The Literary Calling – Why Do You Want to be a Writer?

“Why do you want to be a writer?” I have been asked this question more times than I can recall, but I’ve always had to answer quickly. I’m so thankful to have escape these situations unscathed that I forget them and move on. I never stop and think about it, and I mean really think. That may sound strange coming from a creative writing major, but how much did you know about your future at eighteen? (If your plan worked out, kudos to you! Honestly, kudos!)

With that said, I wanted to take a time out and ponder the question. Why do I want to be a writer? ….

I can’t tell you how many times I’ve heard, “I was born to be a writer,” “I eat, sleep, and breathe writing,” or, “I’d die if I couldn’t write.” Well, not me. In fact, I say that’s crap. You eat food and breath oxygen, not writing; you wouldn’t die without it, and you were born, but probably not to be a writer. (Career destiny? I doubt it.)

I don’t mean to offend anyone or belittle their aspirations. I want to be a writer. I have no second thoughts about that, but realistically, if I never publish anything my life will go on, and because the world will keep turning, so will yours. Make no mistake, I will be incredibly disappointed, but I’ll make my peace with it and write for myself.

But like I said, I want to be a writer so Why? Where did it come from?

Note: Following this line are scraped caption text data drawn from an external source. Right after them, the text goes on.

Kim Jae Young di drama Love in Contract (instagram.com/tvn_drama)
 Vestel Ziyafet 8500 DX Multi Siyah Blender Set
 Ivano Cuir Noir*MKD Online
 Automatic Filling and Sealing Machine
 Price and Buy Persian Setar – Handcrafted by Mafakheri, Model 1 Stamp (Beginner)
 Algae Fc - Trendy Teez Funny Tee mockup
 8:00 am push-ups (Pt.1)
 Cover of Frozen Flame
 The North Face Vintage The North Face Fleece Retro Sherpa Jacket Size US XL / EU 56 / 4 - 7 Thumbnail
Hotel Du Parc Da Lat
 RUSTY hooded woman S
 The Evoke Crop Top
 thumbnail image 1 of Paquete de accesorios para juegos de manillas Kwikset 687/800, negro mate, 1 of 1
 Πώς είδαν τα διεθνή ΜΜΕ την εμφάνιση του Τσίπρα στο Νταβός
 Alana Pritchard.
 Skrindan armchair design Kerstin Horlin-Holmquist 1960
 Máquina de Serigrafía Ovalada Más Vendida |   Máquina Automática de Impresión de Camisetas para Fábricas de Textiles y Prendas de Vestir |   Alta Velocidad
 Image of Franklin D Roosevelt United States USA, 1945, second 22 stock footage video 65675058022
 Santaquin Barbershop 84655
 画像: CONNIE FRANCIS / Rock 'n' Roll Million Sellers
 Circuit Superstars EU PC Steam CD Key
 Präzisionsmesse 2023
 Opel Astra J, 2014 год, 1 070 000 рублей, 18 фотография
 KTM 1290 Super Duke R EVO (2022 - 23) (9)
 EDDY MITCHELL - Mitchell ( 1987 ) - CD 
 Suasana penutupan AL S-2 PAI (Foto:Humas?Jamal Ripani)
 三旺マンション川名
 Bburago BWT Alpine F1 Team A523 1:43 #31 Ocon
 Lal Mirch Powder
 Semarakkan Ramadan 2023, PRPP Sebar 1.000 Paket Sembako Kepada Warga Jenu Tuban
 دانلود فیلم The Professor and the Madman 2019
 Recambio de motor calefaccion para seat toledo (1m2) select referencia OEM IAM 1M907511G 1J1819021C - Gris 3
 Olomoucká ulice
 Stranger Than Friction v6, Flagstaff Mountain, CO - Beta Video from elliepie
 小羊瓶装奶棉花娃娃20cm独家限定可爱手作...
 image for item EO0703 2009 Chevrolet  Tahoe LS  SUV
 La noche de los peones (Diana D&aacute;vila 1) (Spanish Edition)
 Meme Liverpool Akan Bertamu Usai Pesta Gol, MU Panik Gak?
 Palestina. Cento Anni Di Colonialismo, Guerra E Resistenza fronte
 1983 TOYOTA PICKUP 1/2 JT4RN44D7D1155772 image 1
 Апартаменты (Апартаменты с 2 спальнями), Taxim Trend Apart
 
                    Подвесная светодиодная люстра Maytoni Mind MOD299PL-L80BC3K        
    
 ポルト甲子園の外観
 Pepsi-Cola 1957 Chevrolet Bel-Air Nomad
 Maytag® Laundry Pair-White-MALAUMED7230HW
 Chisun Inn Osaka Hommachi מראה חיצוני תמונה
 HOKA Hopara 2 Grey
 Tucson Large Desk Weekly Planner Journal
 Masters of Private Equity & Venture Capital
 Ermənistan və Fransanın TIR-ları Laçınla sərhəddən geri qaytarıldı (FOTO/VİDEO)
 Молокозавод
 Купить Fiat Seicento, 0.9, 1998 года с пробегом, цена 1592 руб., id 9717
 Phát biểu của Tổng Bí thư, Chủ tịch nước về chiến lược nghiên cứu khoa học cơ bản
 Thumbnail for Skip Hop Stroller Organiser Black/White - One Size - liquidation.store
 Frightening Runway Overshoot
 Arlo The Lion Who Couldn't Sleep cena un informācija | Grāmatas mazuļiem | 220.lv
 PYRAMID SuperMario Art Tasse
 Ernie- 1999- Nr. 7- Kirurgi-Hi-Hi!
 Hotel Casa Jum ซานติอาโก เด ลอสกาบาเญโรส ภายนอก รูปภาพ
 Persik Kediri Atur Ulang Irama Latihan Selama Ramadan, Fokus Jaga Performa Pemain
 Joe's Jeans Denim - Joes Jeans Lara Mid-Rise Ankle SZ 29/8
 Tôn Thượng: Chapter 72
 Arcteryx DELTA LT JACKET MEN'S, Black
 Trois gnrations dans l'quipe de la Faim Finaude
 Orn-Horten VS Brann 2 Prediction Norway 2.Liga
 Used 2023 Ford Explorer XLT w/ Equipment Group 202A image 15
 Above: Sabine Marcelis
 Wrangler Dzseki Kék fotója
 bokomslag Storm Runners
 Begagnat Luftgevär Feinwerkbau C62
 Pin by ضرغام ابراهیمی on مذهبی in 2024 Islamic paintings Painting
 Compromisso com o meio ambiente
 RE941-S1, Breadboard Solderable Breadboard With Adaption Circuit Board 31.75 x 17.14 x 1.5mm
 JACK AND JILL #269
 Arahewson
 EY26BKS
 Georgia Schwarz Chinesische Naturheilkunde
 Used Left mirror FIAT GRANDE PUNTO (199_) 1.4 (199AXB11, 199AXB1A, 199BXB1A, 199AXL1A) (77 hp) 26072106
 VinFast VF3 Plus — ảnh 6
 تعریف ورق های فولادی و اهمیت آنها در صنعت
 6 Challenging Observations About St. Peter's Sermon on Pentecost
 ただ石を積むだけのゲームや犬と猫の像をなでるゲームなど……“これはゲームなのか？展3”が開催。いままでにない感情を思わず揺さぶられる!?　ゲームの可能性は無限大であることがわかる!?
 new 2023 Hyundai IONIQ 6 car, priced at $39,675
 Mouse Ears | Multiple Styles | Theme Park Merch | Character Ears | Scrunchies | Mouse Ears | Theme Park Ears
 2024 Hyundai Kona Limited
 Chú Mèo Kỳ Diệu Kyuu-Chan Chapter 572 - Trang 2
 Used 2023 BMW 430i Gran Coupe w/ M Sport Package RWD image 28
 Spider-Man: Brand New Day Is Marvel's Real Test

The first thing I ever wanted to be was a country music singer; basically, I wanted to be Reba McEntire. I wanted to sing songs that made people think and feel, but more importantly, I wanted to write those songs myself. I spent a long time trying to write one good song, sometimes I still try, but I’m terrible at it. When I gave up that dream, I thought I would be a musician, a guitarist. If I couldn’t write the songs, I could rip a solo on them and make people feel through the music, and maybe, just maybe I could help co-write songs with my future bandmates. As it turns out, I’m also a terrible musician. (I still try, but I’m a realist and it’s just not happening.)

So what happened next? How did the pattern continue?
Southside High School

High school. Junior English with Mrs. Parkison. That’s what happened. To be honest, I don’t remember the assignment topic, but I remember having to write some type of personal essay and while my classmates were whining about the page length, I was already working away, happy as a clam. The specifics of that essay have been lost over the last seven years. I know it was honest and discussed my relationship with my dad, but beyond that, I’ve forgotten. I have not forgotten, however, what happened the day the assignment was returned to me.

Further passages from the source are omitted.